MIT`s Lincoln Lab researchers Gregory Charvat and John Peabody have built a system that can see through walls from some distance away, giving an instantaneous picture of the activity on the other side.
Their device is an unassuming array of antenna arranged in two rows - eight receiving elements on top, 13 transmitting ones below - and some computing equipment, all mounted onto a movable cart.
But it has powerful implications for military operations, especially "urban combat situations", says project leader Charvat according to a Lincoln Lab statement.
Walls, by definition, are solid, and that`s certainly true of the four- and eight-inch-thick concrete walls on which the researchers tested their system.
At first, their radar functions as any other: Transmitters emit waves of a certain frequency in the direction of the target.
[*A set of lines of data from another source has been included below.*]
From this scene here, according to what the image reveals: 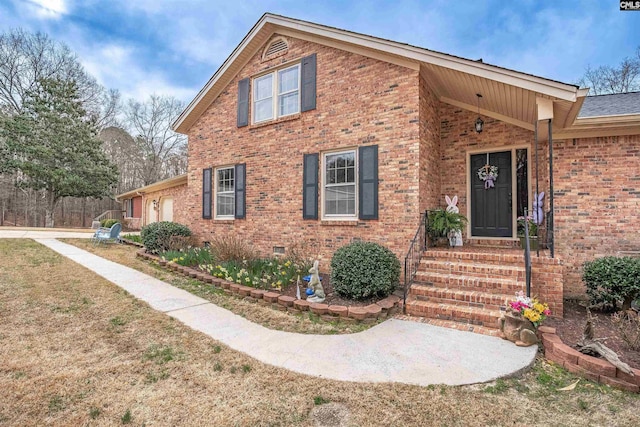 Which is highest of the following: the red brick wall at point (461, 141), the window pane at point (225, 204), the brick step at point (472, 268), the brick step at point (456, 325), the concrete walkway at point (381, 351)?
the red brick wall at point (461, 141)

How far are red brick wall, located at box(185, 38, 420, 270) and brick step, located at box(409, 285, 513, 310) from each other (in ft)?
3.53

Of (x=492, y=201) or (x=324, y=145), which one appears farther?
(x=324, y=145)

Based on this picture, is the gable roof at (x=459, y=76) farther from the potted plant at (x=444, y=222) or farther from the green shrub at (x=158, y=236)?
the green shrub at (x=158, y=236)

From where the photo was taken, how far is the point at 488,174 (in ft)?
23.7

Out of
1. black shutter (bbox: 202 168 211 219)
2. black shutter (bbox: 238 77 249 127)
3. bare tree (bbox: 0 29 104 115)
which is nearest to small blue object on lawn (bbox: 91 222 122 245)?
black shutter (bbox: 202 168 211 219)

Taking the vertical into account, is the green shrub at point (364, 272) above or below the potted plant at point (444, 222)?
below

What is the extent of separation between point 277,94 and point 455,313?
22.5 ft

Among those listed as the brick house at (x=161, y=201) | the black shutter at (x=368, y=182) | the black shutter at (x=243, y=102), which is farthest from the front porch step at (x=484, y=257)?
the brick house at (x=161, y=201)

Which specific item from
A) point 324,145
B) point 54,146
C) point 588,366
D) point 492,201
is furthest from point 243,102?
point 54,146

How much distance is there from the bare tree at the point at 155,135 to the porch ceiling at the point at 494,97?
27.9 metres

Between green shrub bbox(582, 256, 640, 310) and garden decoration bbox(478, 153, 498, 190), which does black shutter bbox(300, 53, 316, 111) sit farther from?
green shrub bbox(582, 256, 640, 310)

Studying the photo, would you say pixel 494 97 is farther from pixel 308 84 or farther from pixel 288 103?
pixel 288 103

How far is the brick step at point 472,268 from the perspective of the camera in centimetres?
518

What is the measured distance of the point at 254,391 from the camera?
9.32 feet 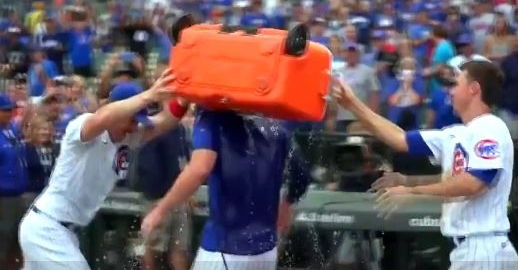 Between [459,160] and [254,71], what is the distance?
3.48 feet

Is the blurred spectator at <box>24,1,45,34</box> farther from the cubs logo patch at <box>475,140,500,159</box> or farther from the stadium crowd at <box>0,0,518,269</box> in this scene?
the cubs logo patch at <box>475,140,500,159</box>


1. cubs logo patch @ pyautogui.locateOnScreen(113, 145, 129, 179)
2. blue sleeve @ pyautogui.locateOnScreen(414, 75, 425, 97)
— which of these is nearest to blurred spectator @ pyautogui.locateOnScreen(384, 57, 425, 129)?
blue sleeve @ pyautogui.locateOnScreen(414, 75, 425, 97)

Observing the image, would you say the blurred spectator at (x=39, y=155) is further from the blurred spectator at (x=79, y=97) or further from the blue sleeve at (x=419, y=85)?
the blue sleeve at (x=419, y=85)

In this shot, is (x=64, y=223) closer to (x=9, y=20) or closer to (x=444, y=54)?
(x=444, y=54)

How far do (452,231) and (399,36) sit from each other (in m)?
6.71

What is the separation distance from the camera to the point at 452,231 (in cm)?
517

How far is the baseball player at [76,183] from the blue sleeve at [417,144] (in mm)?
1120

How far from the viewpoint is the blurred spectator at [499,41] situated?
10.3 meters

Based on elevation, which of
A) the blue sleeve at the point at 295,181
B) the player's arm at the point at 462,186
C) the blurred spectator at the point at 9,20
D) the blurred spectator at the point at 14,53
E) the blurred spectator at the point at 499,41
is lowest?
the blurred spectator at the point at 14,53

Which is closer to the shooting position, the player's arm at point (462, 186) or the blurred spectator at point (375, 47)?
the player's arm at point (462, 186)

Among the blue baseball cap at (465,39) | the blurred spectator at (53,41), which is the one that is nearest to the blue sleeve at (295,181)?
the blue baseball cap at (465,39)

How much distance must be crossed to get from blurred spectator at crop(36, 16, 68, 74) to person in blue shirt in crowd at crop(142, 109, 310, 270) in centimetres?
883

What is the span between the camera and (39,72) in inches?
513

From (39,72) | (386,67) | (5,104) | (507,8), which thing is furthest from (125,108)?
(507,8) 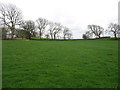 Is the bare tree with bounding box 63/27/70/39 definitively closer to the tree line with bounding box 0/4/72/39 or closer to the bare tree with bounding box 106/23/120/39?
the tree line with bounding box 0/4/72/39

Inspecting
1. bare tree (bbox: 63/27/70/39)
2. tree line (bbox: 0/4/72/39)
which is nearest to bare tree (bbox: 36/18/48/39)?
tree line (bbox: 0/4/72/39)

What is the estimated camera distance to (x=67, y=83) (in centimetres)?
327

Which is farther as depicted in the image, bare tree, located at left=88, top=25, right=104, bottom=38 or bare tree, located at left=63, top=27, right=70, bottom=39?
bare tree, located at left=63, top=27, right=70, bottom=39

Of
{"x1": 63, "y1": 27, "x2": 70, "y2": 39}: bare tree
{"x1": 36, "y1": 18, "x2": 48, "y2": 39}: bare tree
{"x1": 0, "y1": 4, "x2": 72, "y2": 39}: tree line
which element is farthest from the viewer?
{"x1": 63, "y1": 27, "x2": 70, "y2": 39}: bare tree

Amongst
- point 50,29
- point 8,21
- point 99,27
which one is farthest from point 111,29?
point 8,21

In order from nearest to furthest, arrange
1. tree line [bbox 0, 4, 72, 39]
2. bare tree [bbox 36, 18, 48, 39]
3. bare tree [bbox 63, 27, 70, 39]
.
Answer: tree line [bbox 0, 4, 72, 39] < bare tree [bbox 36, 18, 48, 39] < bare tree [bbox 63, 27, 70, 39]

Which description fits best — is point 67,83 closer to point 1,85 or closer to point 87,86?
point 87,86

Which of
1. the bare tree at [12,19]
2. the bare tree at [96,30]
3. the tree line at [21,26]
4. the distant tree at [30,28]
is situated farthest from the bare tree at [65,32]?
the bare tree at [12,19]

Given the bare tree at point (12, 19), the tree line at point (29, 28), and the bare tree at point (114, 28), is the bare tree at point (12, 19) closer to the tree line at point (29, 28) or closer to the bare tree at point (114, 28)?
the tree line at point (29, 28)

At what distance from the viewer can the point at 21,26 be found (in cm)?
4147

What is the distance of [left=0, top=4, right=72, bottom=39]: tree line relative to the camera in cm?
3103

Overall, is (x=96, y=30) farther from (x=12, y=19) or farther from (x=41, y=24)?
(x=12, y=19)

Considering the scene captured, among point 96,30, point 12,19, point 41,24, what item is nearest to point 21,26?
point 12,19

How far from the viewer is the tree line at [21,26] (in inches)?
1222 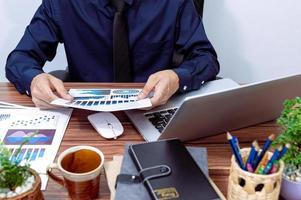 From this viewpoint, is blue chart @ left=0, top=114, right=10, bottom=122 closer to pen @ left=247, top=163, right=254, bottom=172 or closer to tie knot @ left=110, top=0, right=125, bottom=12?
tie knot @ left=110, top=0, right=125, bottom=12

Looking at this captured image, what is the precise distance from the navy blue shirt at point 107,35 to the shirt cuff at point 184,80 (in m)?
0.18

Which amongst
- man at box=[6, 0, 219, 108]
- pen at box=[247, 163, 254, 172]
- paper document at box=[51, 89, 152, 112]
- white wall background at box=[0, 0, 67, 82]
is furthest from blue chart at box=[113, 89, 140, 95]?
white wall background at box=[0, 0, 67, 82]

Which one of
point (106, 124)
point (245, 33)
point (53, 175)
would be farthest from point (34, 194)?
point (245, 33)

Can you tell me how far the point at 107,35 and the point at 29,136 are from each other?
25.4 inches

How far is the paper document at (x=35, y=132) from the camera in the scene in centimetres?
86

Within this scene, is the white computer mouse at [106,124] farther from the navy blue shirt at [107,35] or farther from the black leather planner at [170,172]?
the navy blue shirt at [107,35]

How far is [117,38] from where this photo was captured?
4.52ft

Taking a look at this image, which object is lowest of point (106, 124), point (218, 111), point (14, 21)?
point (14, 21)

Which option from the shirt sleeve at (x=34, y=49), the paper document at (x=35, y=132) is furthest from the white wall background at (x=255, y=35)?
the paper document at (x=35, y=132)

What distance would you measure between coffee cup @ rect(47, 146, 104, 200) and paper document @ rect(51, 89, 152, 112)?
0.69 feet

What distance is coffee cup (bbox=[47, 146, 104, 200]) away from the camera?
699mm

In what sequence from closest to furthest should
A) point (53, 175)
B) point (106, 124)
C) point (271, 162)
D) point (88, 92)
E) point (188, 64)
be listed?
point (271, 162), point (53, 175), point (106, 124), point (88, 92), point (188, 64)

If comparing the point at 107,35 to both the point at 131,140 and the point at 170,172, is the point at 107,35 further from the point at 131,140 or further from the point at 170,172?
the point at 170,172

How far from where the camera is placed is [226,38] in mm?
2205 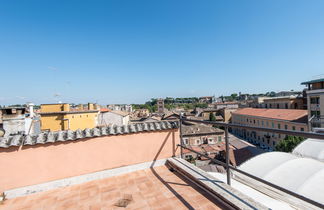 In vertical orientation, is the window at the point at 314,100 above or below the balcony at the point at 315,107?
above

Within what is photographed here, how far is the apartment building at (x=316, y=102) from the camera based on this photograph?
17500 millimetres

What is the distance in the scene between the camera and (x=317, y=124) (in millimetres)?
18453

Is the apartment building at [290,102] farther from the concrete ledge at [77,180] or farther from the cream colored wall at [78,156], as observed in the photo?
the concrete ledge at [77,180]

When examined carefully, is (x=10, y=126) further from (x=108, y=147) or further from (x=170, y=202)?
(x=170, y=202)

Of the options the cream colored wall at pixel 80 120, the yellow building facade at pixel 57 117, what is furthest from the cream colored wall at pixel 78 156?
the cream colored wall at pixel 80 120

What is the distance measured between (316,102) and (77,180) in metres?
25.3

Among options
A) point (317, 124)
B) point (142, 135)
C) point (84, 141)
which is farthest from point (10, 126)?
point (317, 124)

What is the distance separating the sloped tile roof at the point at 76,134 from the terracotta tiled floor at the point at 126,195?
80 cm

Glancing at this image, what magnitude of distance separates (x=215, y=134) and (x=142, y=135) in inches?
920

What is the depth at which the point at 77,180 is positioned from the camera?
264 cm

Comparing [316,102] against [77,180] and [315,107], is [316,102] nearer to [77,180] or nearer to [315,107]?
[315,107]

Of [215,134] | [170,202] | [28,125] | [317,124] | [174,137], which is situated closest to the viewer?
[170,202]

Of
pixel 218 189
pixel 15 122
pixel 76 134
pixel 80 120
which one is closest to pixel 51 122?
pixel 80 120

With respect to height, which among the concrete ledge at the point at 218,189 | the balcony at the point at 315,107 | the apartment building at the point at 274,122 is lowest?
the apartment building at the point at 274,122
But in this case, each time the waves hit the wall, the concrete blocks more than 99 percent of them from passing through. And that`s only half the battle.
Once the waves bounce off any targets, they must pass back through the wall to reach the radar`s receivers - and again, 99 percent don`t make it. By the time it hits the receivers, the signal is reduced to about 0.0025 percent of its original strength.
But according to Charvat, signal loss from the wall is not even the main challenge. "[Signal] amplifiers are cheap," he says. What has been difficult for through-wall radar systems is achieving the speed, resolution and range necessary to be useful in real time.
"If you`re in a high-risk combat situation, you don`t want one image every 20 minutes, and you don`t want to have to stand right next to a potentially dangerous building," Charvat says. The Lincoln Lab team`s system may be used at a range of up to 60 feet away from the wall. And, it gives a real-time picture of movement behind the wall in the form of a video at the rate of 10.8 frames per second.